==== Dataset section ====
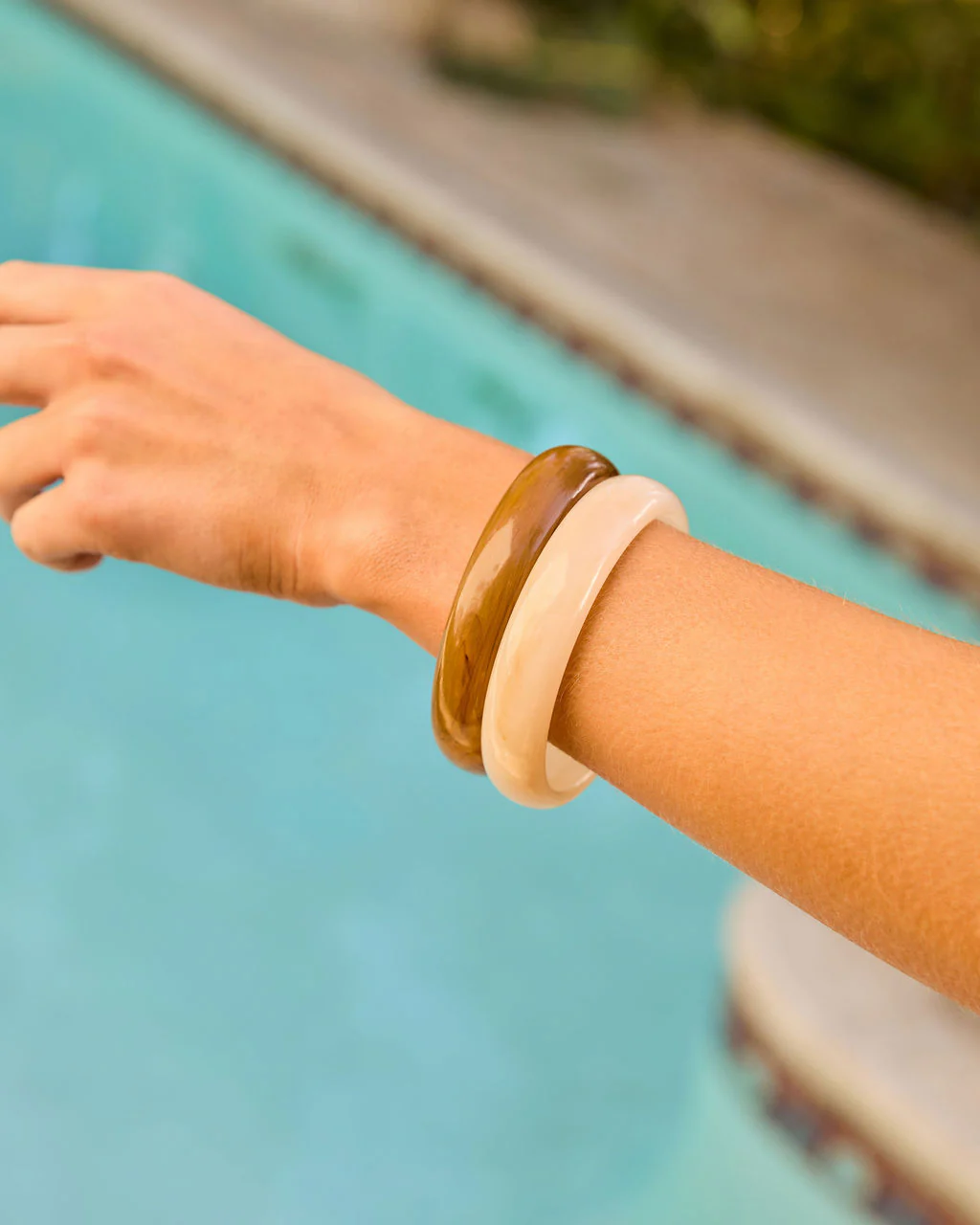 Salted Muse Acrylic Bangle Set - Image 2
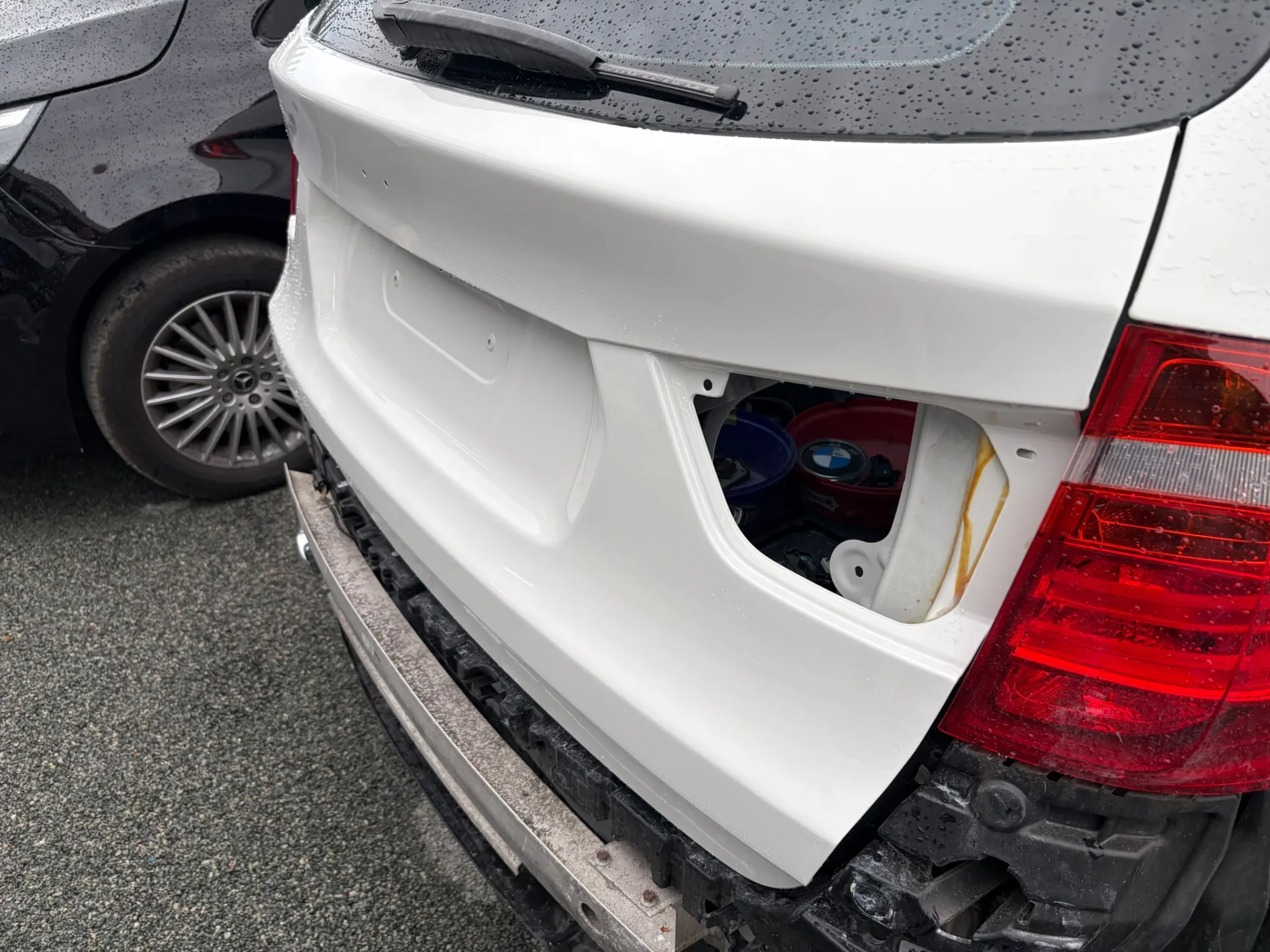 BMW Rear-End Accident Damage Repair in Guildford, Surrey
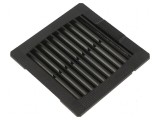 Ventilator axial neagră 109x23x109mm IP54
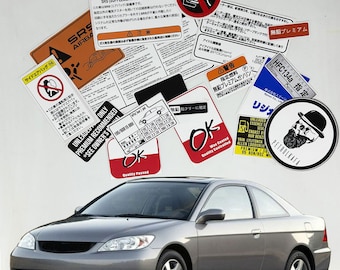Honda Civic Ex Es7 2000-2005 Restoration Warning Caution Underbonnet Engine Bay Stickers Label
====
§ Instructions to follow
The task calls for every line of the data to be returned exactly, without pictures.

§ Exercise answer
 Salted Muse Acrylic Bangle Set - Image 2
 BMW Rear-End Accident Damage Repair in Guildford, Surrey
 Ventilator axial neagră 109x23x109mm IP54
Honda Civic Ex Es7 2000-2005 Restoration Warning Caution Underbonnet Engine Bay Stickers Label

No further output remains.